[logo suggestions welcome]

N
E
P
L
S

These abstracts are for talks at this event.

NEPLS is a venue for ongoing research, so the abstract and supplemental material associated with each talk is necessarily temporal. The work presented here may be in a state of flux. In all cases, please consult the authors' Web pages for up-to-date information. Please don't refer to these pages as a definitive source.


The Essence of Proof-Carrying Code

Zhong Shao (Yale University)

Proof-Carrying Code (PCC) is a very general framework that can, in
principle, be used to verify arbitrary properties of machine language
programs. Existing PCC systems, including Foundational Proof-Carrying
Code (FPCC), however, have not fulfilled such promises. In this talk,
we contemplate the important principles that embody the essence of PCC
and FPCC, describe a framework that satisfies these principles, and
show that the new framework is simpler, more general and flexible, and
more likely to help us realize the full potential of PCC. 

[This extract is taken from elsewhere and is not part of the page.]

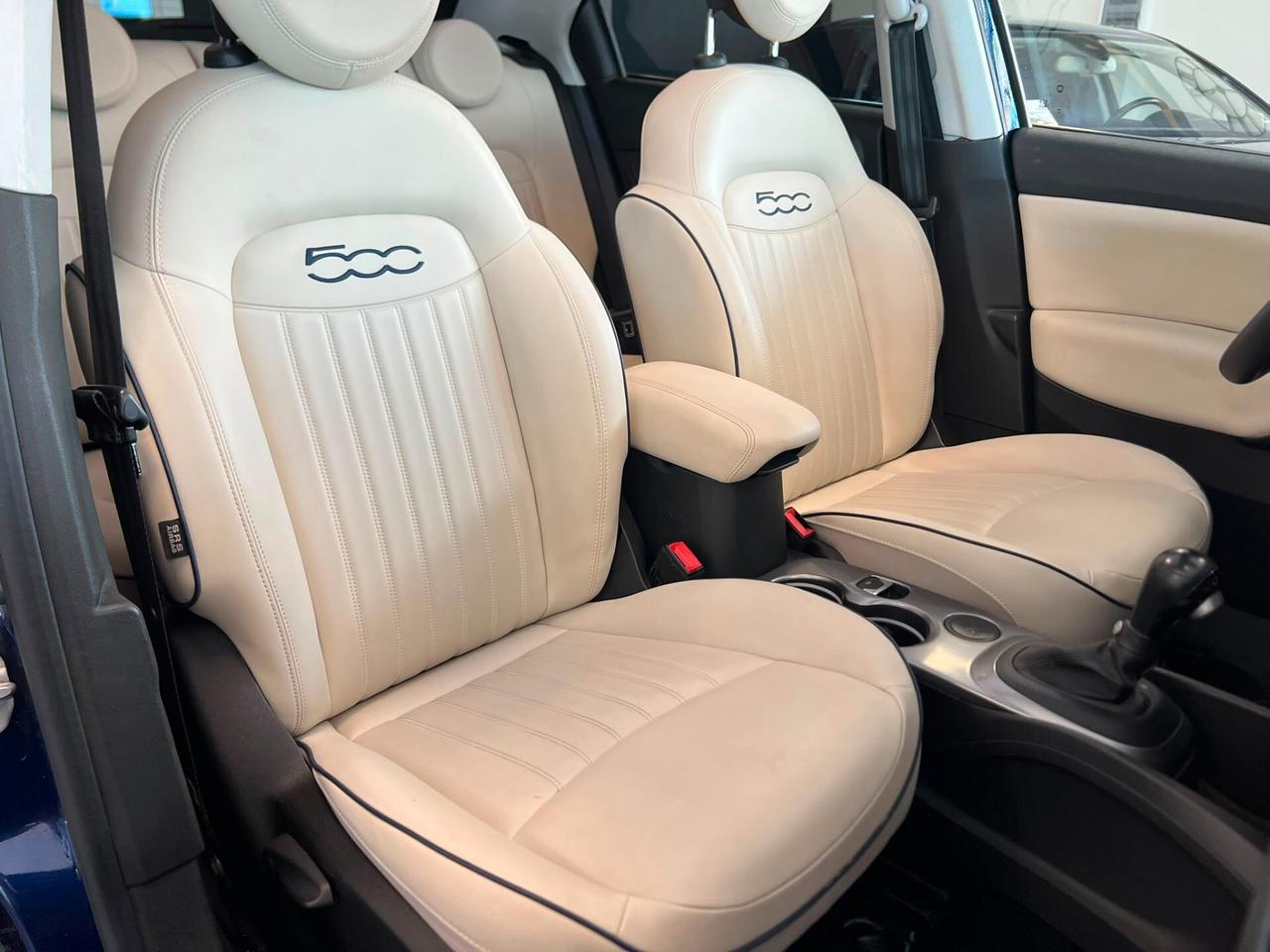 Fiat 500X 1.3 T4 150 CV DCT Yacht Club Capri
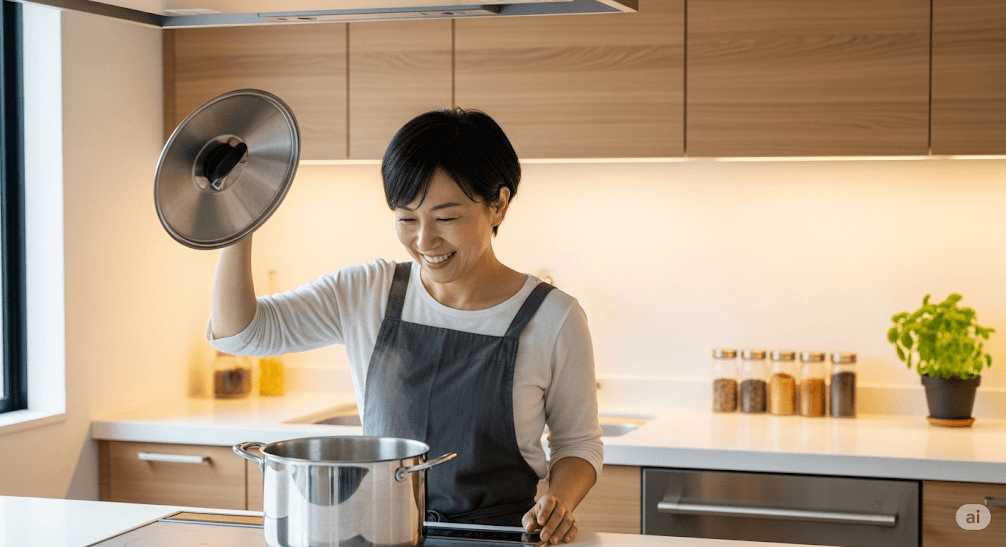 フライパンや鍋の蓋が取れない問題を解決しよう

Checking Specifications in Java Systems using Flow Analysis

Steve Reiss (Brown University)

One of today's challenges is producing reliable software in the face
of an increasing number of interacting components. Our system CHET
lets developers define specifications describing how a component
should be used and checks these specifications in real Java
systems. Unlike previous systems, CHET is able to check a wide range
of complex conditions in large software systems without programmer
intervention. It does this by doing a complete and detailed flow
analysis of the software and using this analysis to build a simpler,
model program. This talk will explore the motivations for CHET, the
specification techniques that are used, the flow analysis techniques,
and the methodology used in statically checking that the
specifications are obeyed in a system.


The Ibex extensible parser generator

Nathaniel Nystrom (Cornell University)

When implementing a new language, writing a parser is a necessary, but
often tedious, task.  Ibex is an extensible parser generator implemented
in the Polyglot compiler framework as an extension of Java.  In the Ibex
language, classes may contain parser rules and symbols as well as
methods and fields.  Grammar inheritance--the ability to extend a parser
with new symbols and productions to create a parser for a new
language--is achieved via normal class inheritance.  Unlike yacc, bison,
and other parser generators, semantic actions are type-checked in the
source rather than in the generated code, resulting in more intelligible
error messages.

LR(1) parsers, such as those generated by yacc, are inherently
non-extensible: adding a production to an LR(1) grammar may introduce
conflicts requiring existing productions to be rewritten.  In contrast,
Ibex generates generalized LR (GLR) parsers, which are powerful enough
to parse arbitrary context-free languages.  However, if the grammar is
ambiguous, the parser may create multiple parse trees for a given input;
these parse trees must be reconciled.  Computing the set of productions
that require reconciliation is undecidable.  Ibex implements a heuristic
algorithm for this problem that works well in practice, identifying all
ambiguities in a grammar for Java.

Joint work with Andrew Myers.


Eclat: Automatic Generation and Classification of Test Inputs

Carlos Pacheco (MIT)

We describe a technique that helps a test engineer select,
from a large set of randomly-generated candidate test inputs, a small
subset likely to reveal faults in the software under test.  The
technique takes a program or software component, plus a set of normal
executions--say, from an existing test suite, or from
observations of the software running properly.  The technique works by
extracting an operational model of the software's operation, and
comparing each candidate input's operational pattern of execution
against the model. Candidates whose operational pattern is suggestive
of a fault are further reduced by selecting only one input per such
pattern. The result is a small portion of the original candidates,
deemed most likely to reveal faults.  Thus, the technique can also be
seen as an error-detection technique.  We have implemented these ideas
in the Eclat tool, designed for unit testing of Java classes. Eclat
generates a large number of candidate inputs and uses the technique to
select only a few of them as likely to be fault-revealing.  In our
experiments, the inputs that it selects are an order of magnitude as
likely to reveal faults as the original candidate inputs.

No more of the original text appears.